Zhongxiao Fuxing (忠孝復興, formerly transliterated as Chunghsiao Fuhshing Station until 2003) is a metro station in Taipei, Taiwan served by Taipei Metro. It is a transfer station between the Wenhu line and Bannan line. It had a ridership of 20.688 million entries and exits in 2017.

==Station overview==
The station has both underground and elevated sections: two levels are underground (servicing the Blue line) and four levels above ground (servicing the Brown line). The station has two side platforms, one island platform, and five exits. Brown line platforms are equipped with platform screen doors and Blue line platforms are equipped with automatic platform gates. Washrooms are located inside and outside the paid area of the station.

The station is situated at the intersection of Zhongxiao East Road and Fuxing South Road.
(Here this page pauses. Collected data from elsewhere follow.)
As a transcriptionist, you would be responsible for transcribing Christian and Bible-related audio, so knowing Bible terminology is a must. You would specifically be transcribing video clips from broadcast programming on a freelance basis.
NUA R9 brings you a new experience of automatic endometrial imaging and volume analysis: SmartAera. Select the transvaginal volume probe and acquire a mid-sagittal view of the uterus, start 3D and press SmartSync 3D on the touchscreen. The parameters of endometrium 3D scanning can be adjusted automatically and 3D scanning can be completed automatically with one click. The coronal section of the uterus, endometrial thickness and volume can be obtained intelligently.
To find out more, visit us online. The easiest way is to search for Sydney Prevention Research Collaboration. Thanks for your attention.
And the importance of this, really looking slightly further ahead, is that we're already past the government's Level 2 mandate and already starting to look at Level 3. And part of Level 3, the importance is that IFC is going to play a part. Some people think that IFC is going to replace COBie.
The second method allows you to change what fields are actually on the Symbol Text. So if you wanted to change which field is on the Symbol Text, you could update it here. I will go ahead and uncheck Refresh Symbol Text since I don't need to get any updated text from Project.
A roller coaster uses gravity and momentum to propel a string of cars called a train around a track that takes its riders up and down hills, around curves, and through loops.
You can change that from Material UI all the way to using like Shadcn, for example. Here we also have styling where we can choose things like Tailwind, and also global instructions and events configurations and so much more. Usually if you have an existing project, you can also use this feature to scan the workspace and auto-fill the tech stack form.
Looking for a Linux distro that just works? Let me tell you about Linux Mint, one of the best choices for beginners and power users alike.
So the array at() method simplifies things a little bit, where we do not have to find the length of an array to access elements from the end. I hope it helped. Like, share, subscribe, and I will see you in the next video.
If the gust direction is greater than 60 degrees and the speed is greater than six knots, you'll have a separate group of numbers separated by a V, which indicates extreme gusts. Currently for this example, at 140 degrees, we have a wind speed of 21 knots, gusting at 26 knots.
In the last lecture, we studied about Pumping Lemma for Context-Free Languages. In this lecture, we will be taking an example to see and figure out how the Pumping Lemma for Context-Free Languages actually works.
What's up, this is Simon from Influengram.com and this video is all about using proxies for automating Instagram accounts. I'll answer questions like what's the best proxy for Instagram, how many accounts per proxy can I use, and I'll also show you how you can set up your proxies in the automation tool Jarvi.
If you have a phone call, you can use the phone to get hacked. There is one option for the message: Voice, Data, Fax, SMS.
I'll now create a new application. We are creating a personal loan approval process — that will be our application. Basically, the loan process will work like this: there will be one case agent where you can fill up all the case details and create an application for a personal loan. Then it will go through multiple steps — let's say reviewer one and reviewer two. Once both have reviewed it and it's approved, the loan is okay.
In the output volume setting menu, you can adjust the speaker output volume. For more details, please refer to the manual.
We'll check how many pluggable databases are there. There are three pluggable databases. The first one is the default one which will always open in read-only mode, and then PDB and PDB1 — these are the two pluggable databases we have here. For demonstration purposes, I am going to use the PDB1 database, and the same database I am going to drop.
The station features four long escalators directly connecting the B3 concourse level with the third-floor platforms. These escalators handle 96,000 transferring passengers daily. On 31 March 2017, Taipei Metro Corporation announced that escalator speeds would be increased from 0.5 m/s to 0.65 m/s, increasing carrying capacity by 30%. The station can be very crowded during rush hour due to its status as a major transfer station between two lines.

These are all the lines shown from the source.